ASXL1 plays a key role in epigenetic regulation of gene expression through methylation of histone H3K27, and disruption of ASXL1 drives myeloid malignancies [22]. Also, ASXL1 mutations may affect epigenetic regulation by inhibiting ubiquitination of lysine 119 at histone H2A (H2AK119). This may contribute to leukemogenesis though this remains to be proven [23]. Thus, even though a molecular mechanism for TKI resistance in ASXL1 mutation in CML has remained obscure, epigenetic modulation is a plausible mode of CML disease progression.
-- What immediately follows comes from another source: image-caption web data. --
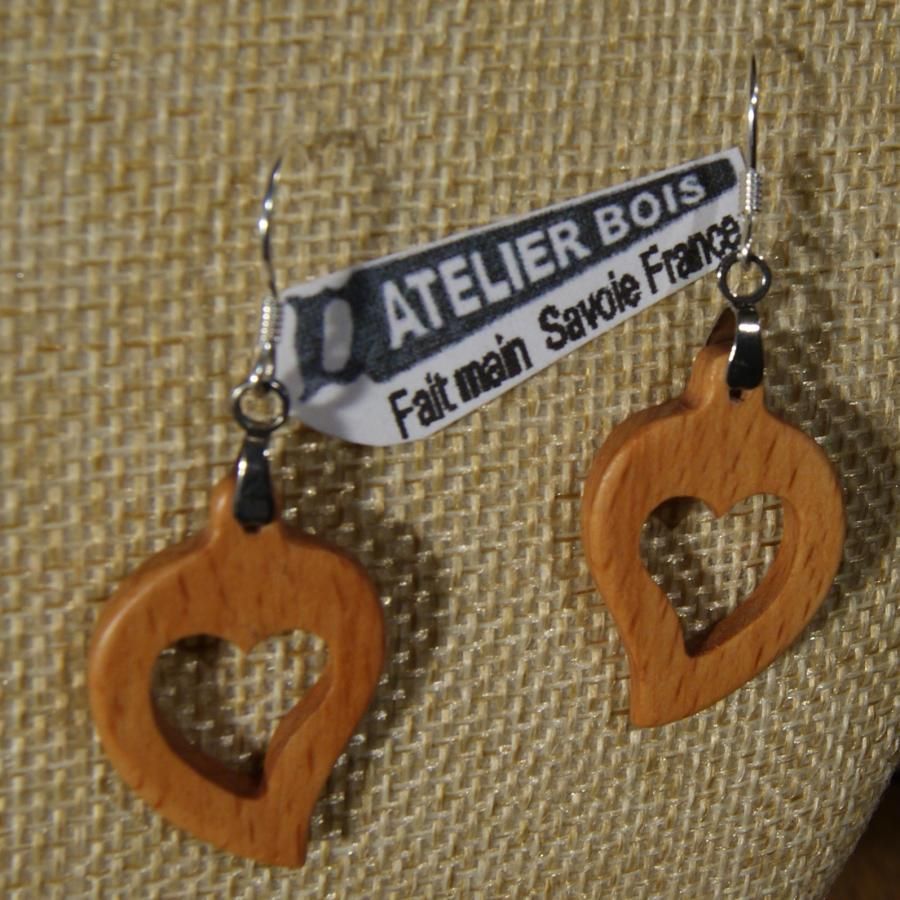 earrings heart waxed beech wood, wood wedding, valentine's day, handmade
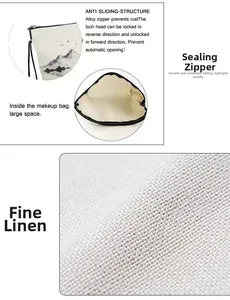 Detail of landscape print makeup bag showing the smooth alloy zipper and linen fabric texture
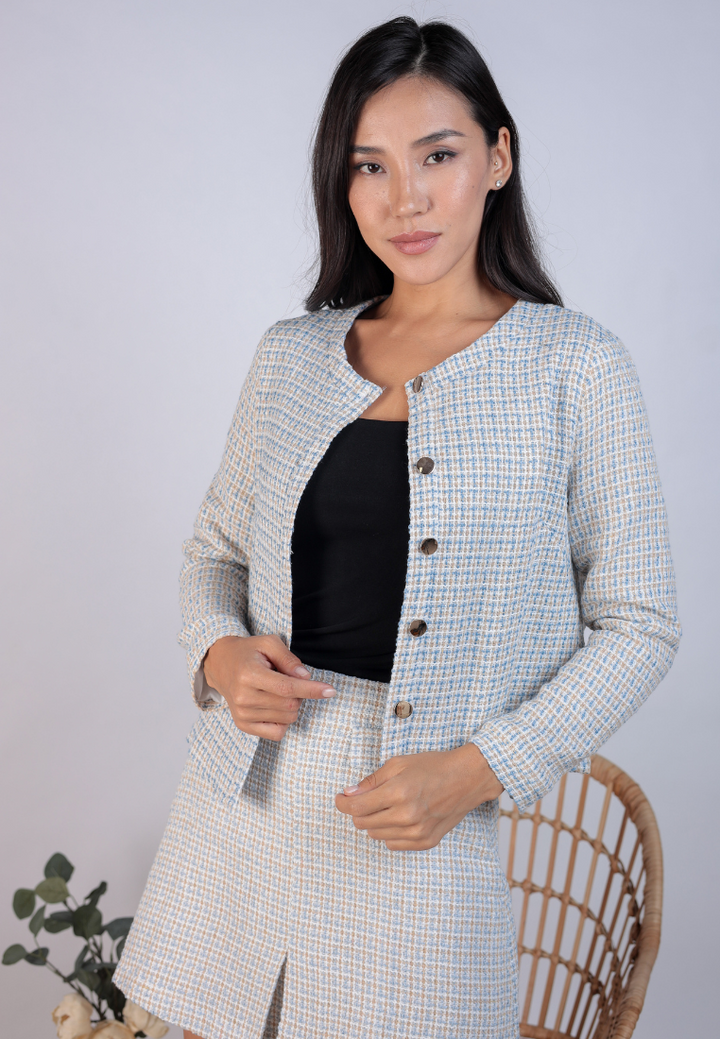 Lorette Tweed Trims Jacket (Light Blue)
ASXL1 mutations occur early in CML stem cells, prior to bcr-abl translocation stage, and therefore, there might not be a high risk of treatment failure following TKI therapy [20]. The patient received hematopoietic stem cell transplantation and went into remission. This optimal response could have been prolonged without TKI maintenance therapy. Taken together, ASXL1 mutation might follow the HSCT trait as observed in this CML-CP case, which does not progress for years.

Conclusions

Whole exome sequence facilitated a clinical decision in this patient who went into remission. Though the clinical impact of ASXL1 for CML is still under investigation, mutated ASXL1 possibly explain the TKI resistance mechanism. This case illustrated the necessity of HSCT in ASXL1 mutation-associated TKI-resistant CML-CP. In future, a discussion of CML with mutated ASXL1 will facilitate treatment options.

Statement of Ethics

The Institutional Review Board approved the case report and submission of medical literature. We obtained written informed consent from the patient for participation in this study. We obtained consent to publish from the participants.

Disclosure Statement

The authors declare no competing interests. The authors declare no potential conflicts of interest.

Funding Sources

Internal funding support is disclosed. This work was supported by internal funding, JSPS KAKENHI Grant Numbers JP16K19315, JP15K09570, and JP19K17927.

Author Contributions

O.I. and T.I. wrote the manuscript and made substantial contributions to concept and design; M.U., Y.N., K.K., and H.K. suggested important intellectual content and took part in the critical discussion; S.O. and N.K. managed the study and reviewed the manuscript; all authors read and approved the final version of the manuscript.

Availability of Data and Material

There are no other data analyzed in this study.